### Action item:
An exact copy of the listing is what is needed; please output it in full.

(Source information Opens)

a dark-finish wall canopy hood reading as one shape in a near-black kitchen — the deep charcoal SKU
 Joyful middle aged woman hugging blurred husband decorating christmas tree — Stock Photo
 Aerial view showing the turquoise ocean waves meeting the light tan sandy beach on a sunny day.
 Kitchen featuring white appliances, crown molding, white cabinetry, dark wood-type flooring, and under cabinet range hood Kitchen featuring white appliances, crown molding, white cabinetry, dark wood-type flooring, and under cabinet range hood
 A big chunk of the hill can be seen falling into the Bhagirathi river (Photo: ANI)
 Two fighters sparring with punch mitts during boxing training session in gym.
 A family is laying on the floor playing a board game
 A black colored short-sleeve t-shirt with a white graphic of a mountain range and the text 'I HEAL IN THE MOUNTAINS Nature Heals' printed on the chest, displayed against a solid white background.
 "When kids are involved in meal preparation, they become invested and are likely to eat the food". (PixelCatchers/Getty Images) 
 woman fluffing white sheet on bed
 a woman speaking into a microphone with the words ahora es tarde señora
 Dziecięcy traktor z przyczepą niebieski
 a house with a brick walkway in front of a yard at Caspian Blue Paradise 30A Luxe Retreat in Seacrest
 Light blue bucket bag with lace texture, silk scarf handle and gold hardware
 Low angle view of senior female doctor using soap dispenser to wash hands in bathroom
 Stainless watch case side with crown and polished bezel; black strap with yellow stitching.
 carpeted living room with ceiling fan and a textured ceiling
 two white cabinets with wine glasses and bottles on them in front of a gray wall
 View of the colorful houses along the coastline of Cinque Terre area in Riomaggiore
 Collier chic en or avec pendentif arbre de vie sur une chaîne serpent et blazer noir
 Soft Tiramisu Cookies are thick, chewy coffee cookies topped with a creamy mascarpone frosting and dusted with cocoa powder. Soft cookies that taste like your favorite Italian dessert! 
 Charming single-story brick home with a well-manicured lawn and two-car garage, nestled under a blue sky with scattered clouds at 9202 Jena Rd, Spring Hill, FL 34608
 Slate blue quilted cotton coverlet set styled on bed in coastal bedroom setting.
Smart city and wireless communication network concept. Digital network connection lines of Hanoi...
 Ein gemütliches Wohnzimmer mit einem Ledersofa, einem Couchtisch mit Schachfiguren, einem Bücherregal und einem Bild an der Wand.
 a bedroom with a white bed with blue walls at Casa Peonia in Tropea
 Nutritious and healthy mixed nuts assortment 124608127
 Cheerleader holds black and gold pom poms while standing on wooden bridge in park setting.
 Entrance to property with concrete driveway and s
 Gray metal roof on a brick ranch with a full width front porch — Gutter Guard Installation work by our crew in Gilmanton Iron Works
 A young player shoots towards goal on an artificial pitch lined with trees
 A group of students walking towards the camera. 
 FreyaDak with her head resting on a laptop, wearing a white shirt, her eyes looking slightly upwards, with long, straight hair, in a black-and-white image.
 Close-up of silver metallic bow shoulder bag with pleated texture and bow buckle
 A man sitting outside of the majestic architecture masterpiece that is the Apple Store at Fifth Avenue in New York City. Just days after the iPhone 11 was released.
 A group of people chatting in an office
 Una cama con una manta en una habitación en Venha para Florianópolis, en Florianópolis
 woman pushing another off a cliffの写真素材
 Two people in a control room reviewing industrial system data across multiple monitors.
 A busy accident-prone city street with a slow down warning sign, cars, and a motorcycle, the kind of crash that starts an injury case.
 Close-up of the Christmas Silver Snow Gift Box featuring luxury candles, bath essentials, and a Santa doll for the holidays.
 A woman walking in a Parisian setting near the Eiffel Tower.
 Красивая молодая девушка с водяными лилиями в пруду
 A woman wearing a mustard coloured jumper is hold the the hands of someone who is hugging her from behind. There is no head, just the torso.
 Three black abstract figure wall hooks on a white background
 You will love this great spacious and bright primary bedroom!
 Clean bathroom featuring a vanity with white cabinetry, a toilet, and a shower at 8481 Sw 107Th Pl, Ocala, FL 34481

(Source information Closes)

### Finished task:
a dark-finish wall canopy hood reading as one shape in a near-black kitchen — the deep charcoal SKU
 Joyful middle aged woman hugging blurred husband decorating christmas tree — Stock Photo
 Aerial view showing the turquoise ocean waves meeting the light tan sandy beach on a sunny day.
 Kitchen featuring white appliances, crown molding, white cabinetry, dark wood-type flooring, and under cabinet range hood Kitchen featuring white appliances, crown molding, white cabinetry, dark wood-type flooring, and under cabinet range hood
 A big chunk of the hill can be seen falling into the Bhagirathi river (Photo: ANI)
 Two fighters sparring with punch mitts during boxing training session in gym.
 A family is laying on the floor playing a board game
 A black colored short-sleeve t-shirt with a white graphic of a mountain range and the text 'I HEAL IN THE MOUNTAINS Nature Heals' printed on the chest, displayed against a solid white background.
 "When kids are involved in meal preparation, they become invested and are likely to eat the food". (PixelCatchers/Getty Images) 
 woman fluffing white sheet on bed
 a woman speaking into a microphone with the words ahora es tarde señora
 Dziecięcy traktor z przyczepą niebieski
 a house with a brick walkway in front of a yard at Caspian Blue Paradise 30A Luxe Retreat in Seacrest
 Light blue bucket bag with lace texture, silk scarf handle and gold hardware
 Low angle view of senior female doctor using soap dispenser to wash hands in bathroom
 Stainless watch case side with crown and polished bezel; black strap with yellow stitching.
 carpeted living room with ceiling fan and a textured ceiling
 two white cabinets with wine glasses and bottles on them in front of a gray wall
 View of the colorful houses along the coastline of Cinque Terre area in Riomaggiore
 Collier chic en or avec pendentif arbre de vie sur une chaîne serpent et blazer noir
 Soft Tiramisu Cookies are thick, chewy coffee cookies topped with a creamy mascarpone frosting and dusted with cocoa powder. Soft cookies that taste like your favorite Italian dessert! 
 Charming single-story brick home with a well-manicured lawn and two-car garage, nestled under a blue sky with scattered clouds at 9202 Jena Rd, Spring Hill, FL 34608
 Slate blue quilted cotton coverlet set styled on bed in coastal bedroom setting.
Smart city and wireless communication network concept. Digital network connection lines of Hanoi...
 Ein gemütliches Wohnzimmer mit einem Ledersofa, einem Couchtisch mit Schachfiguren, einem Bücherregal und einem Bild an der Wand.
 a bedroom with a white bed with blue walls at Casa Peonia in Tropea
 Nutritious and healthy mixed nuts assortment 124608127
 Cheerleader holds black and gold pom poms while standing on wooden bridge in park setting.
 Entrance to property with concrete driveway and s
 Gray metal roof on a brick ranch with a full width front porch — Gutter Guard Installation work by our crew in Gilmanton Iron Works
 A young player shoots towards goal on an artificial pitch lined with trees
 A group of students walking towards the camera. 
 FreyaDak with her head resting on a laptop, wearing a white shirt, her eyes looking slightly upwards, with long, straight hair, in a black-and-white image.
 Close-up of silver metallic bow shoulder bag with pleated texture and bow buckle
 A man sitting outside of the majestic architecture masterpiece that is the Apple Store at Fifth Avenue in New York City. Just days after the iPhone 11 was released.
 A group of people chatting in an office
 Una cama con una manta en una habitación en Venha para Florianópolis, en Florianópolis
 woman pushing another off a cliffの写真素材
 Two people in a control room reviewing industrial system data across multiple monitors.
 A busy accident-prone city street with a slow down warning sign, cars, and a motorcycle, the kind of crash that starts an injury case.
 Close-up of the Christmas Silver Snow Gift Box featuring luxury candles, bath essentials, and a Santa doll for the holidays.
 A woman walking in a Parisian setting near the Eiffel Tower.
 Красивая молодая девушка с водяными лилиями в пруду
 A woman wearing a mustard coloured jumper is hold the the hands of someone who is hugging her from behind. There is no head, just the torso.
 Three black abstract figure wall hooks on a white background
 You will love this great spacious and bright primary bedroom!
 Clean bathroom featuring a vanity with white cabinetry, a toilet, and a shower at 8481 Sw 107Th Pl, Ocala, FL 34481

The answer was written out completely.